El estudio constante, la experimentación con viejos y nuevos materiales y soportes, la asimilación de otras experiencias culturales, han concedido a este artista canalizar su intensa emotividad hacia regiones de una mayor geografía intelectual. Su obra hoy es, consecuentemente, más madura que cuando descubrió, años atrás, los misterios de la abstracción en estructuras rígidas de oculta y férrea geometría. Ha leído más, claro, ha viajado más, ha meditado más en torno al proceso creativo, lo cual redunda en una mayor libertad a la hora de enfrentarlo. Sus confrontaciones internacionales a nivel de exhibición de sus obras y diálogo con el público crecen en espacios reconocidos de Berlín, Colonia, Toronto, Mónaco, París, Madrid, Bruselas, Santo Domingo, Boston, La Habana.

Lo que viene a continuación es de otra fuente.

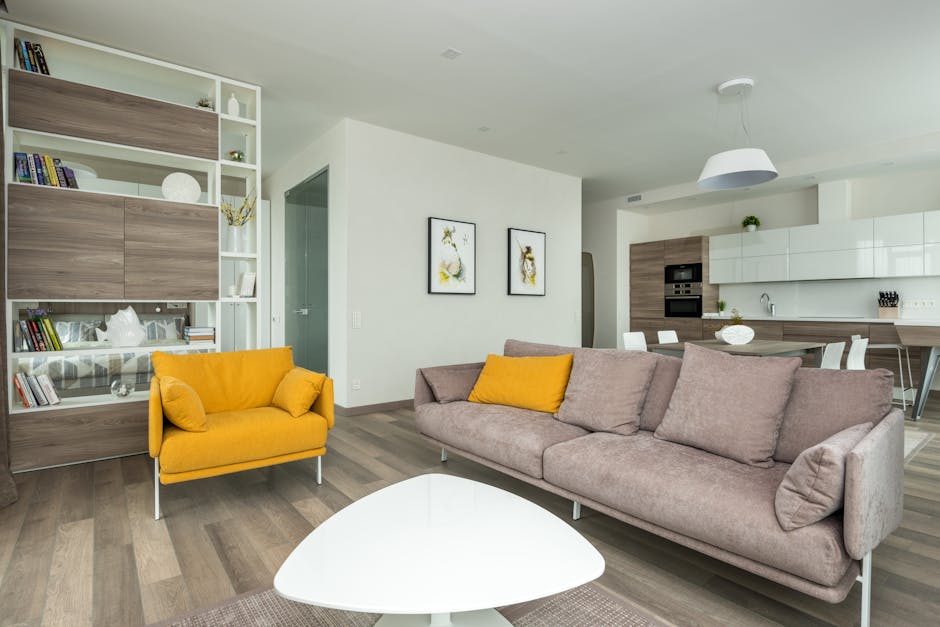 Spacious and elegant modern living room with cozy yellow accents and contemporary decor.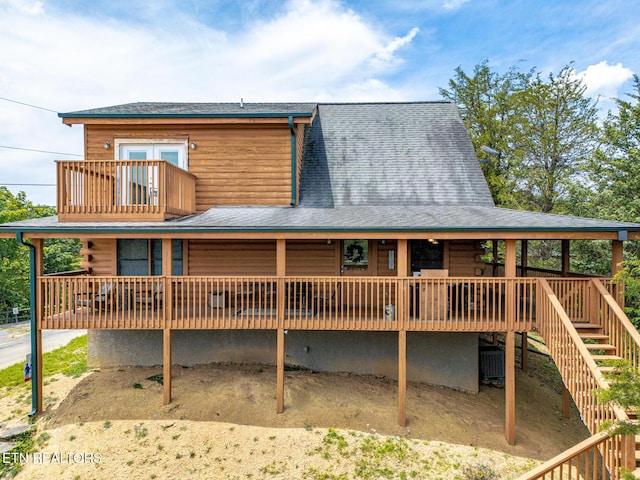 2626 Camden Way, Sevierville, TN 37876 - view of front facade with cooling unit, a balcony, and stairs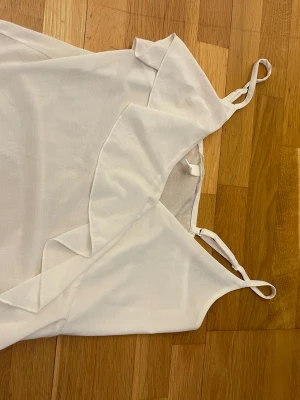 Vit linnetopp med volangdetalj - Snygg vit linnetopp med tunna axelband och volangdetalj framtill. Perfekt för varma dagar och enkel att styla med jeans eller kjol. Tunn och luftig känsla, passar dig som gillar minimalistisk stil.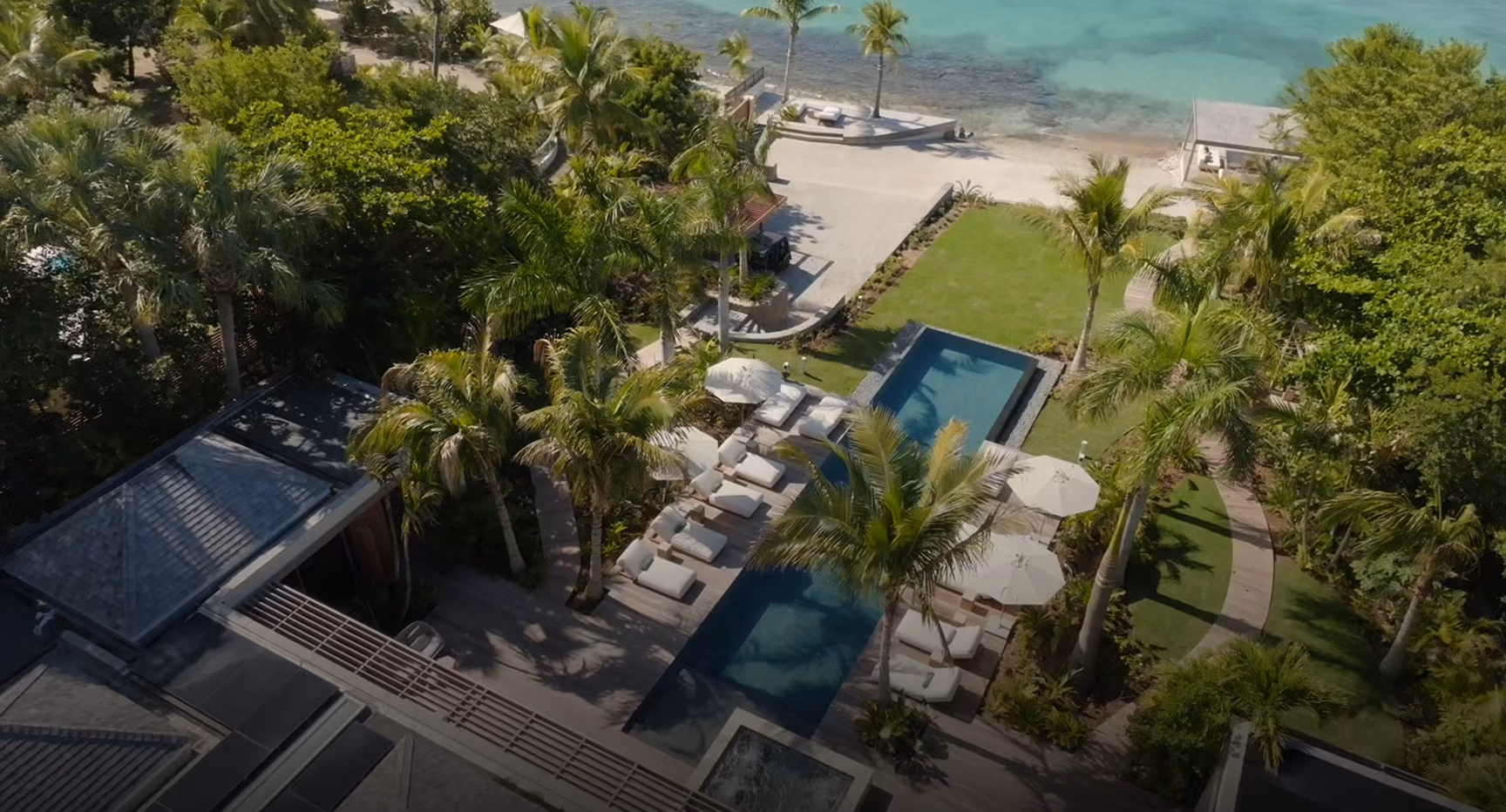 Luxury beachfront villa with pool, lush tropical gardens, and direct access to a sandy beach.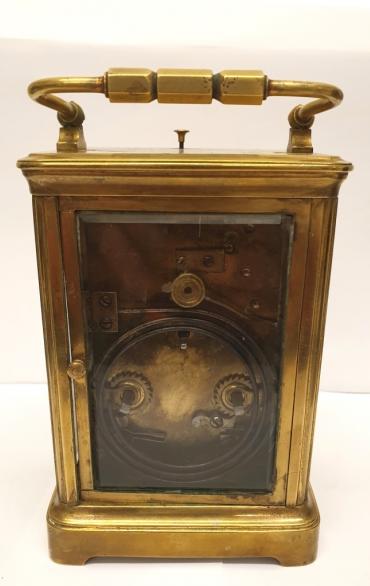 French gilt brass and 5 glass, 8 day carriage clock circa 1900, striking and repeating on a gong. Obis casework with chamfered glass panels throughout and gilt brass masked white enamel dial with black Arabic hours and black steel hands together with gilt dial centre. Plain brass movement with original silvered lever escapement platform.    Height - 6" Width - 3.75" Depth - 3.25".
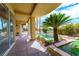 Enjoy the scenic view of a well manicured backyard with a fountain, palm trees, and a relaxing lounge chair at 7969 Bermuda Dunes Ave, Las Vegas, NV 89113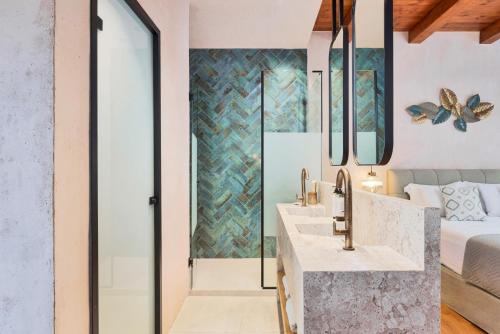 a bathroom with two sinks and a bedroom at Mansio Boutique Hotel in Rethymno Town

Su obra actual es un gran palimpsesto de sí misma y de su propia y personal trayectoria ligada al arte y al diseño. No oculta su manera de conformar el espacio en blanco que tiene delante pues los instrumentos del diseño gráfico, aprendidos académicamente, le permiten validar una u otra opción hasta hallar la mejor estructura general de cada pieza, ésa que define su equilibrio, su autonomía, su perfil.
Por eso va creando, unas tras otras, capas de intensidades cromáticas y texturales a las que añade puntos, rayas, letras o palabras, líneas rectas y curvas, papeles, fotografías, siempre de sus propias manos pues basta observar cualquier obra suya para sentir el dominio sosegado de un oficio artesanal, ancestral, antiguo como el hombre. Mena encarna la tradición del arte de pintar, como otros tantos creadores en el país, aunque en condiciones excepcionales, como esas intervenciones públicas y urbanas, se vale de otras técnicas y géneros.
Aun sintiendo esa presencia fantasmal, única, de la ciudad en la mayoría de sus obras, Mena continúa sus búsquedas hacia lo interior de sí mismo, hacia eso que Vassily Kandinsky, considerado el padre de la abstracción junto a otros importantes artistas rusos, denominó “naturaleza interior”, plenamente argumentado en su conocido libro De lo espiritual en el arte, 1913. Mena explora con igual intensidad lo interior del hombre y la complejidad de sus circunstancias. Se inserta de lleno, con luz propia e irradiante, como pocos pueden hacerlo, dentro de la variedad de registros que la abstracción posee hoy en Cuba gracias a la obra de pintores y escultores que mantienen viva aquella llamarada iniciática aparecida a mediados del siglo pasado.